Dans Cochon d’Allemand, il y a de nombreuses violences qui laissent leurs traces sur la peau. Tantôt ces traces sont figuratives, tantôt elles sont bien réelles. Elles vont de la joue balafrée d’un grand-père allemand — mémoire déambulante d’une ère des points d’honneurs et des duels — jusqu’à la voix maternelle qui, rendue aiguë et coupante comme un couteau par la douleur, s’incruste sur son visage et transperce le fils. Parmi ceux qui ont la peau abîmée, on trouve l’étrange cas de l’oncle Helmuth chez qui la violence, si l’on veut, ressort par le corps : longtemps après la fin de la guerre qui défigure pour toujours plusieurs membres de la famille, cet oncle reste farci de petits morceaux de grenade qui sortent de sa peau « à intervalles réguliers ». De ces éclats, il fait cadeau à son neveu. Curieusement, l’oncle Helmuth est radiologue de profession, et il passe donc sa vie à contempler ce qui se cache dans le corps de gens. Peut-être est-ce pour cela que le petit Knud garde soigneusement tous les petits éclats que son oncle lui offre. Effectivement, ces fragments d’une grenade sont comme les multiples morceaux sous forme de vignettes qui constituent l’histoire familiale qu’il raconte, et ce, avec une grande inventivité littéraire. À la fin, Knud Romer rassemble tous les bouts pour en faire une nouvelle forme, son explosif à lui. Dans cette grenade, il met son existence entière. Aux lecteurs de découvrir s’il réussit à tout faire éclater.

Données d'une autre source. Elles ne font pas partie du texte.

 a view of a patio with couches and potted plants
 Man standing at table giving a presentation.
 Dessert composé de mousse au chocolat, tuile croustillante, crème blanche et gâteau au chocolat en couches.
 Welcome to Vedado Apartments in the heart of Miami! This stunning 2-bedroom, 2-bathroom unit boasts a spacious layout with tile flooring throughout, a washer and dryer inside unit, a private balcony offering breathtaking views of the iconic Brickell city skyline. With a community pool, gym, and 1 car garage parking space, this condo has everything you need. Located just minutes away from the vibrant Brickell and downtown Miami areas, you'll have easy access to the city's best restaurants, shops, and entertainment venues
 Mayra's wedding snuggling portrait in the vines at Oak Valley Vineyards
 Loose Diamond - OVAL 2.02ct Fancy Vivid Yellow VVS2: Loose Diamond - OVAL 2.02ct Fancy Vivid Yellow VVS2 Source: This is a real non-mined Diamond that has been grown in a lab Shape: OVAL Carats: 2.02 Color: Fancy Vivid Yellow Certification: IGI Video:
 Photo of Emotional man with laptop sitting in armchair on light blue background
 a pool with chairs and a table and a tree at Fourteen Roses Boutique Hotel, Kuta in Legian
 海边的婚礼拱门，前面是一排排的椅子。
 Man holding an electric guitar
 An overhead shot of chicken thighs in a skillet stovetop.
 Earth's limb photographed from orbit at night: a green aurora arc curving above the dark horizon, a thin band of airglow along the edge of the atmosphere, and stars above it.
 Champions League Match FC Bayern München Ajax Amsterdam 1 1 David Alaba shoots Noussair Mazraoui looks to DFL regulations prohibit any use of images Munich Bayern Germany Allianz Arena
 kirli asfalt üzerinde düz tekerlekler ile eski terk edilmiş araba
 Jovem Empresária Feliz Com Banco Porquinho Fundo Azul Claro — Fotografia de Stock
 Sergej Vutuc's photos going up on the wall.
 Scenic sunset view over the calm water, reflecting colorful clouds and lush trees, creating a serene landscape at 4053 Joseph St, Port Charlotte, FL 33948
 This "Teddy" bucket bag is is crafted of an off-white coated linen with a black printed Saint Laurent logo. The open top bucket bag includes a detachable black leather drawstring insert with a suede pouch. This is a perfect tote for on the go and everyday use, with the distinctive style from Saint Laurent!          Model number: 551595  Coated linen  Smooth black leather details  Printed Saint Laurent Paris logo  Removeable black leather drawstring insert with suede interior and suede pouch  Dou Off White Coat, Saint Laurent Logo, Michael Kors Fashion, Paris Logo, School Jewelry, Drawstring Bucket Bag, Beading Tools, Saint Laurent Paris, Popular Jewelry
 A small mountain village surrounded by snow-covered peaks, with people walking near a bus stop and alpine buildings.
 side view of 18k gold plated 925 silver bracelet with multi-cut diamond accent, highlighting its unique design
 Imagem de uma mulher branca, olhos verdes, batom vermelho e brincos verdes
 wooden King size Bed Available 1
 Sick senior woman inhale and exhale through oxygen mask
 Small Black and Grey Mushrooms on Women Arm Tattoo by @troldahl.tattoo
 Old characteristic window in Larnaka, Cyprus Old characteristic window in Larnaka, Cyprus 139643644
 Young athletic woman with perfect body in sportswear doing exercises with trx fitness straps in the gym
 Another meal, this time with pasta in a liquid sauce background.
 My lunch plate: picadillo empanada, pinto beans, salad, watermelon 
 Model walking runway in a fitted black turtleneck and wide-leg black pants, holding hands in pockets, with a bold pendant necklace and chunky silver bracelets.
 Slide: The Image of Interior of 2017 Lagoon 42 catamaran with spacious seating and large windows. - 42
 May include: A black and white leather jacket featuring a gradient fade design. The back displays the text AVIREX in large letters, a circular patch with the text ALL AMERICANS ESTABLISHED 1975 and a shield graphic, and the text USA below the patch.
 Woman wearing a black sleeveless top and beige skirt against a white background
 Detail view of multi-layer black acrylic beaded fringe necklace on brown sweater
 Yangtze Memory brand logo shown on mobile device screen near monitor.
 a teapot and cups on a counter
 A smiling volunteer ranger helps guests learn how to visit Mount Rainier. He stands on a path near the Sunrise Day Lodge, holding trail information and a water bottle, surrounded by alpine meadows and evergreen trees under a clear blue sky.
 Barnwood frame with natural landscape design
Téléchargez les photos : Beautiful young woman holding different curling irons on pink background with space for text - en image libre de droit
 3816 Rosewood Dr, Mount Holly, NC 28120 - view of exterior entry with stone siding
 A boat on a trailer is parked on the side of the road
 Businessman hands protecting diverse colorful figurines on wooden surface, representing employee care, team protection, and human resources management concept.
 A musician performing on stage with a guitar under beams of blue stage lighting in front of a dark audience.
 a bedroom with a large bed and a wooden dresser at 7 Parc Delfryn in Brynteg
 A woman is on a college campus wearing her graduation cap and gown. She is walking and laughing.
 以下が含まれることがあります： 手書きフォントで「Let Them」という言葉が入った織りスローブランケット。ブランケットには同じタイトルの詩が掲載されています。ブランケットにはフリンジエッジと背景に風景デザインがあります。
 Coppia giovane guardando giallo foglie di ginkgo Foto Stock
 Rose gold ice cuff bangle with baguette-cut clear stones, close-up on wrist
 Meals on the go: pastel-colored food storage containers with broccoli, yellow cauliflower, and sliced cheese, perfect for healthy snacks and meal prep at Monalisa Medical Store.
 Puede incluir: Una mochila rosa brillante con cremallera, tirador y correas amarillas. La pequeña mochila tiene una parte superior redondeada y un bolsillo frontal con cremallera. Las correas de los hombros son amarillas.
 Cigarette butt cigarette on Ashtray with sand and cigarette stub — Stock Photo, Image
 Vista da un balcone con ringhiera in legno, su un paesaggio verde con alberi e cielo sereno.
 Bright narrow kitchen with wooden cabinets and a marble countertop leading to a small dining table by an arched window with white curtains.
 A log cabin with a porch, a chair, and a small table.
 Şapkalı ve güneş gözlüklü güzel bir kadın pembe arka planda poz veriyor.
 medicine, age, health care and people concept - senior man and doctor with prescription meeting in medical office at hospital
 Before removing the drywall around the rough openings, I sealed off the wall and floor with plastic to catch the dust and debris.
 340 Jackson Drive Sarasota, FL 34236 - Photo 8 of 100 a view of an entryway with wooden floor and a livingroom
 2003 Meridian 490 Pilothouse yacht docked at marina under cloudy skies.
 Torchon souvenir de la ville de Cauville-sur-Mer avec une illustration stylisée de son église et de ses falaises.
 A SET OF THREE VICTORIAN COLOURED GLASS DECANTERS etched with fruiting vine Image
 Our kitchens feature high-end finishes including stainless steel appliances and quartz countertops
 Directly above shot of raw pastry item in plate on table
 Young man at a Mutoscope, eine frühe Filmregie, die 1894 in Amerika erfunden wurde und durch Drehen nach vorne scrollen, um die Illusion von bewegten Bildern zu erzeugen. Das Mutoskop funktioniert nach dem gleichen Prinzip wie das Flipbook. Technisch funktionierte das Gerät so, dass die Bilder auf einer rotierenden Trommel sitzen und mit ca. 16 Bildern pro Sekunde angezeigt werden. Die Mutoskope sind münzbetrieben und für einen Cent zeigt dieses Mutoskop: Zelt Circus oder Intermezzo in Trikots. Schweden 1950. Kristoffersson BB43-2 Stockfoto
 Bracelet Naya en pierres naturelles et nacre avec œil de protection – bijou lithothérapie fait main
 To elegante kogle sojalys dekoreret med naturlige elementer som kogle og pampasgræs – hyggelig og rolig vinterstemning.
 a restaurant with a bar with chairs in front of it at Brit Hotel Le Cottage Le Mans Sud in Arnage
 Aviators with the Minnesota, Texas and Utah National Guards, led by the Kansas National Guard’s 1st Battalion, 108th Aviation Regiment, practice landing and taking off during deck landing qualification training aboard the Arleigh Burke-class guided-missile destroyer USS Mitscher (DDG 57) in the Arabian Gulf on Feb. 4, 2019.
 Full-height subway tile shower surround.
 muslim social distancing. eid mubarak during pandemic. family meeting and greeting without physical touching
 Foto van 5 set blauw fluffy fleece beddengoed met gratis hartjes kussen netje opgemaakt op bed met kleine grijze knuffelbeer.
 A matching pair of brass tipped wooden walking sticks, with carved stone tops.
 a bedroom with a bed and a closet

Notons, pour terminer, la curiosité historique, que Franz Kafka, lui aussi, a vu les paysages de Falster. En juillet 1914, ce dernier passa quelques jours à l’hôtel de la station balnéaire de Marielyst, située non loin de Nykøbing. Ce séjour a laissé une petite trace dans une lettre de l’auteur, destinée à ses amis Max Brod et Felix Weltsch. De Marielyst, il écrit : « Plage assez déserte, avec quelques Danois vraiment étranges. » Sait-on jamais, peut-être quelque membre lointain de la famille Romer se trouva parmi ces curieux Danois que vit Kafka, un jour sur la plage.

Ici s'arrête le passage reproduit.